### Data for processing
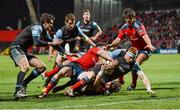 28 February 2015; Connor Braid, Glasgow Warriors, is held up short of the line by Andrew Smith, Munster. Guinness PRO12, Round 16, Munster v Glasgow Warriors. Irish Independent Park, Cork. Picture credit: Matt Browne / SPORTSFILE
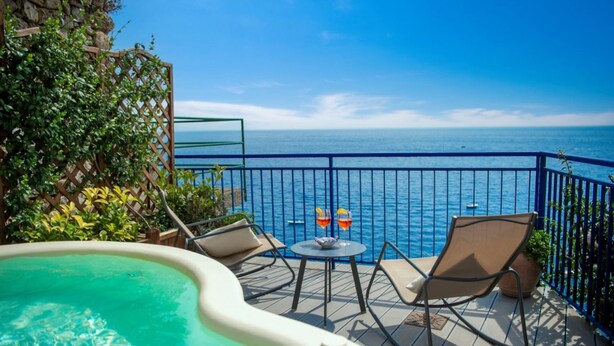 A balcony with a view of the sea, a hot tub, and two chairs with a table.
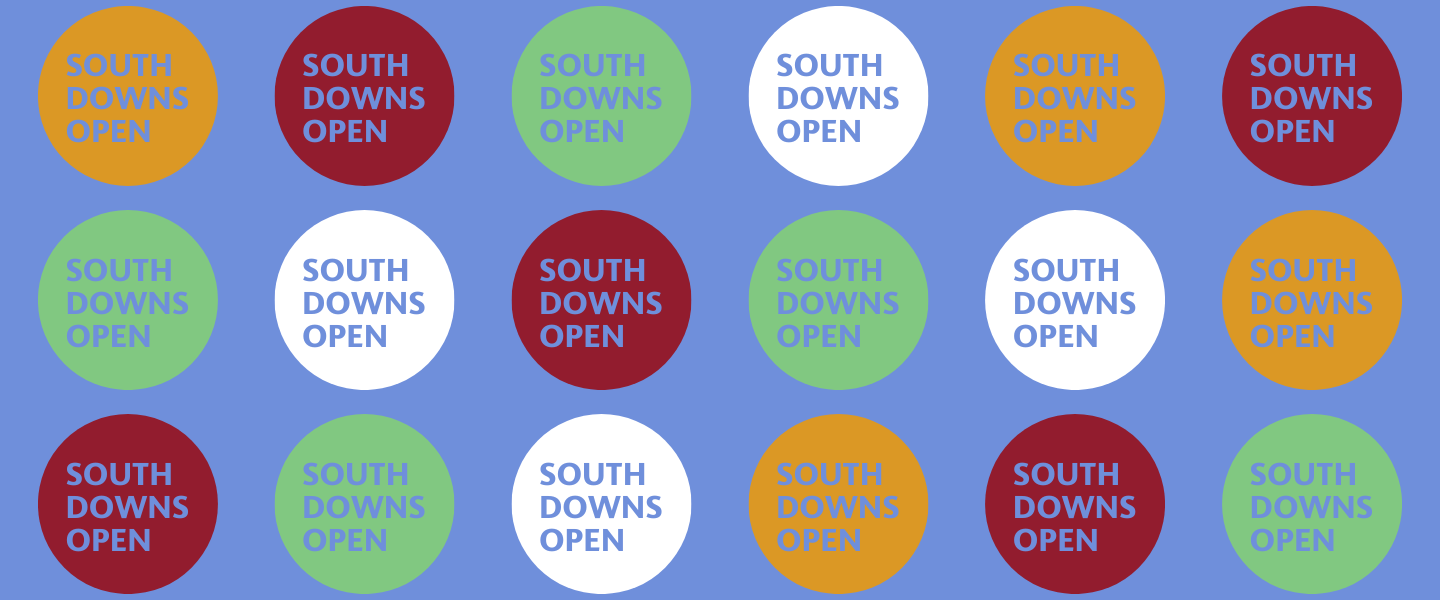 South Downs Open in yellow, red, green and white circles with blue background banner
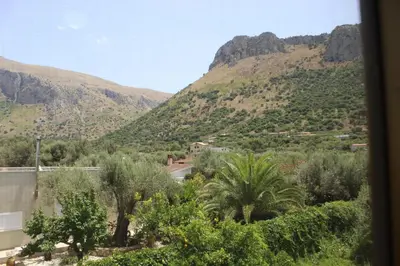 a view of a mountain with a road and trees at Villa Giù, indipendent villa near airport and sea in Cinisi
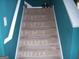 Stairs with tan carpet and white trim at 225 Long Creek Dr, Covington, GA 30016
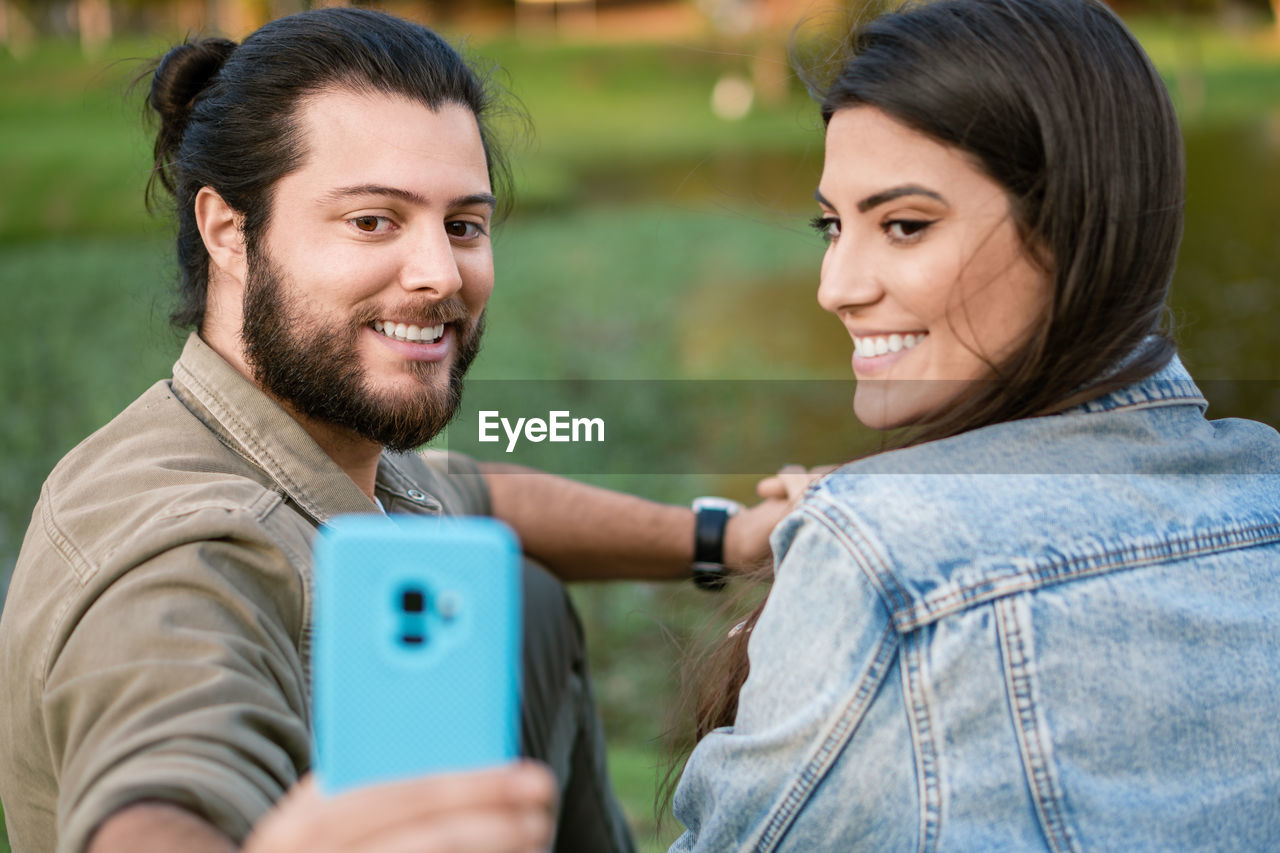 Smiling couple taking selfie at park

### Work item
Find the line that contains "Stairs with tan" and repeat it, along with every line after it to the end of the data, exactly; drop the pictures.

### Written answer
 Stairs with tan carpet and white trim at 225 Long Creek Dr, Covington, GA 30016
 Smiling couple taking selfie at park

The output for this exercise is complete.